Short History of Coverage

In 2006, before the CMS made any coverage decisions, they proposed establishing NOPR to collect data on FDG-PET. For the next 3 years, NOPR collected data from approximately 133,000 PET scans conducted in almost 2000 different locations.

In 2009, CMS decided to expand coverage for PET scanning for Medicare beneficiaries diagnosed with cancer. The ruling provided reimbursement for PET scans used in the initial evaluation of patients with most types of solid tumors and allowed for PET in subsequent evaluations for an expanded number of cancer types, as previously reported by Medscape Medical News.

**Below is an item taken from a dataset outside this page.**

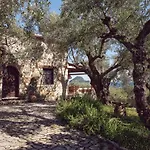 Leeda's Village 4*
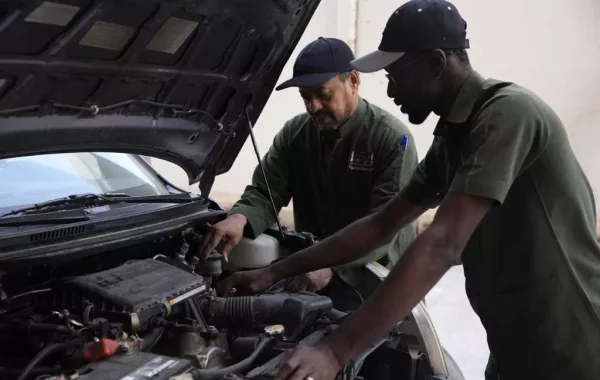 أيادٍ سعودية لصيانة محركات السيارات بوكالة المسجد النبوي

In March 2013, CMS proposed removing its longstanding coverage with evidence development requirement and providing coverage for only 1 post-treatment FDG-PET scan, except in the case of prostate cancer.

At that time, the CMS stated that "FDG-PET for subsequent anti-tumor treatment strategy for beneficiaries with cancers of the prostate is not reasonable and necessary."

Most Opposed Limitations

An analysis of the 201 comments that were filed on the proposed coverage decision, conducted by Avalere Health, found that the vast majority of commenters (97%) explicitly opposed the proposal to limit national coverage of FDG-PET to just 1 scan. They urged the CMS to reconsider its decision and broaden coverage of FDG-PET.

Conversely, America's Health Insurance Plans expressed their support of increased coverage restrictions for scanning, stating that there is inadequate evidence to justify coverage of any post-treatment scans.

Avalere Health noted that 170 of the comments came from individual providers and, of those who disagreed with the CMS proposal, 44 commenters stated that subsequent scans should not be evaluated by local Medicare Administrative Contractors because of increased administrative burden.

A joint proposal — issued by the American College of Radiology, the American College of Nuclear Medicine, the American Society of Neuroradiology, the Society of Nuclear Medicine and Molecular Imaging, and the World Molecular Imaging Society — also strongly opposed the limitation of coverage to a single scan. "We recognize and endorse the concerns of CMS regarding the potential for overuse of FDG-PET for surveillance purposes," they wrote. "However, the 1 scan limitation will have significant adverse effects for beneficiaries and treating physicians alike."